Azure クラシック デプロイ モデルでは、プライベート IP アドレスを Azure の以下のリソースに割り当てることができます。

  • IaaS VM と PaaS ロール インスタンス
  • 内部ロード バランサー
  • Application gateway

IaaS VM と PaaS ロール インスタンス

クラシック デプロイ モデルで作成された仮想マシン (VM) は、PaaS ロール インスタンスと同様に、常にクラウド サービス内に配置されます。 したがって、プライベート IP アドレスの動作はこれらのリソースに似てます。

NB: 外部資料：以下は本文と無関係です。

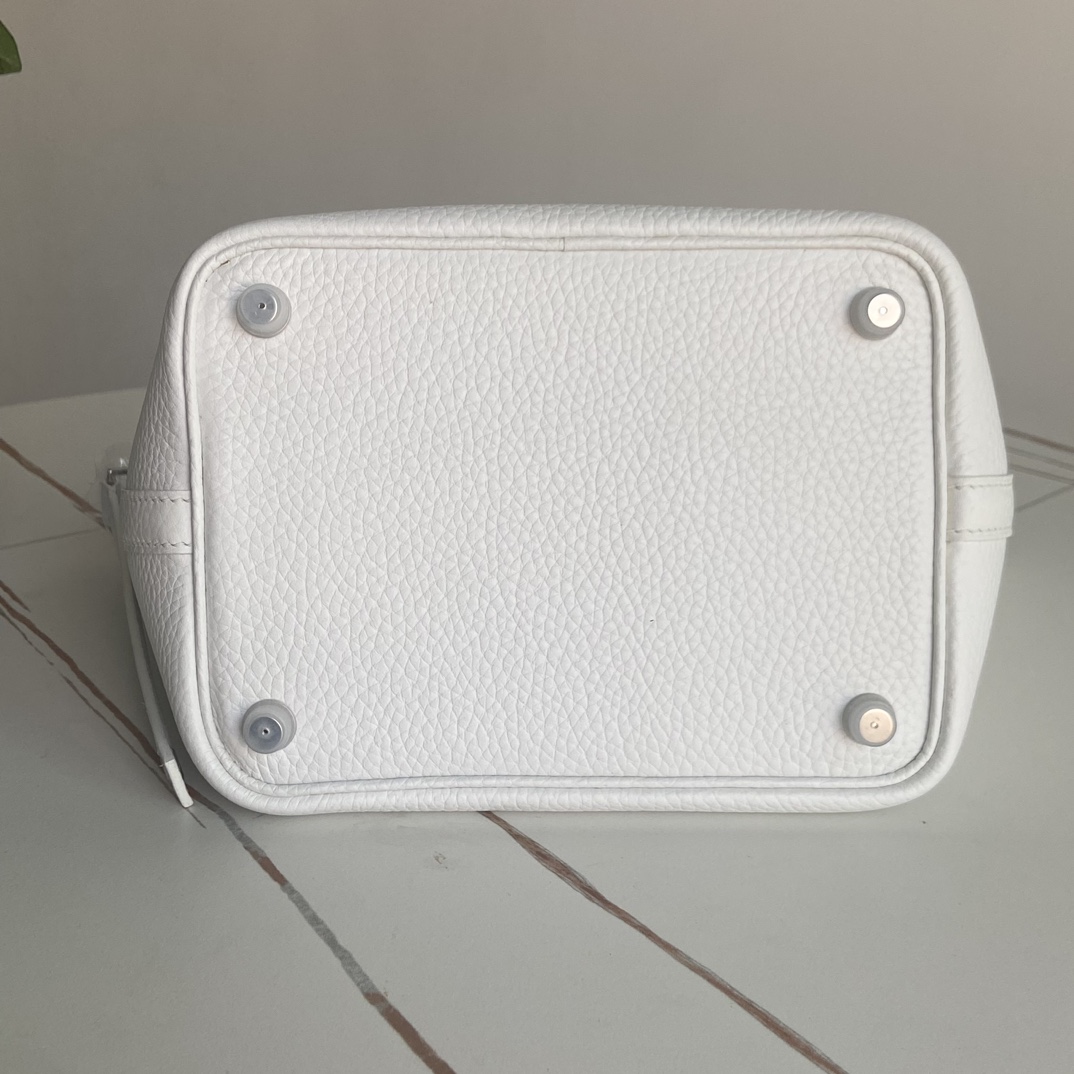 Hermes Style Leather Bag style reference detail image 9 from source 763143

クラウド サービスは次の 2 つの方法でデプロイできることに注意してください。

  • スタンドアロン クラウド サービスとして。この場合、クラウド サービスは仮想ネットワーク内にはありません。
  • 仮想ネットワークの一部として。

割り当て方法

スタンドアロン クラウド サービスの場合、リソースは、Azure データ センターのプライベート IP アドレス範囲から動的に割り当てられたプライベート IP アドレスを取得します。 これは、同じクラウド サービス内の他の VM との通信にのみ使用できます。 この IP アドレスは、リソースが停止して開始されると変わる可能性があります。

仮想ネットワーク内にデプロイされたクラウド サービスの場合、リソースは、関連付けられているサブネットのアドレス範囲から割り当てられたプライベート IP アドレスを取得します (そのネットワーク構成で指定)。 このプライベート IP アドレスは、VNet 内のすべての VM 間の通信に使用できます。

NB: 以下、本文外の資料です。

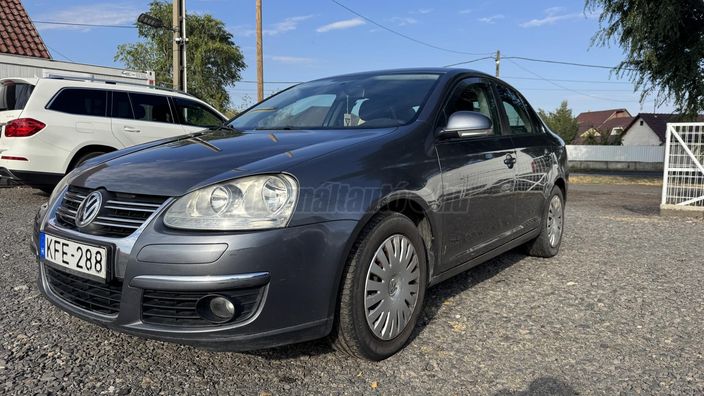 VOLKSWAGEN JETTA 1.6 Comfortline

また、VNet 内のクラウド サービスの場合、プライベート IP アドレスは既定で (DHCP を使用して) 動的に 割り当てられます。 これは、リソースが停止して開始されると変わる可能性があります。 IP アドレスが変わらないようにするには、割り当て方法を 静的に設定し、対応するアドレスの範囲内の有効な IP アドレスを指定する必要があります。

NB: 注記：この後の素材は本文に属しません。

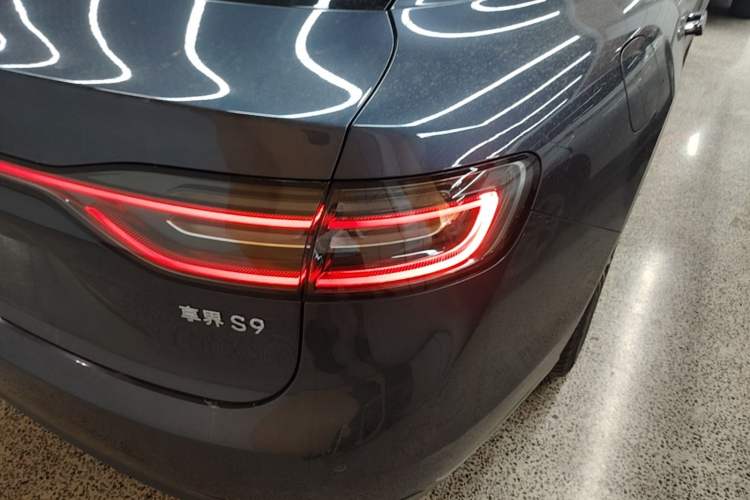 Used Hima Stelato S9 2025 Extended-Range Max+ Right Rear Taillight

静的プライベート IP アドレスは、通常は次のものに使用されます。

  • ドメイン コントローラーまたは DNS サーバーとして機能する VM。
  • IP アドレスを使用するファイアウォール規則を必要とする VM。
  • IP アドレスを使用して他のアプリからアクセスされる、サービスを実行している VM。

内部 DNS ホスト名の解決

カスタムの DNS サーバーを明示的に構成しない限り、既定ではすべての Azure VM および PaaS ロール インスタンスが、 Azure で管理される DNS サーバー で構成されます。 これらの DNS サーバーは、同じ VNet またはクラウド サービス内に存在する VM およびロール インスタンスの内部名前解決を可能にします。

VM を作成すると、そのプライベート IP アドレスへのホスト名のマッピングが、Azure で管理される DNS サーバーに追加されます。 複数の NIC を備える VM の場合、ホスト名はプライマリ NIC のプライベート IP アドレスにマップされます。 ただし、このマッピング情報は、同じクラウド サービスまたは VNet 内のリソースに限定されます。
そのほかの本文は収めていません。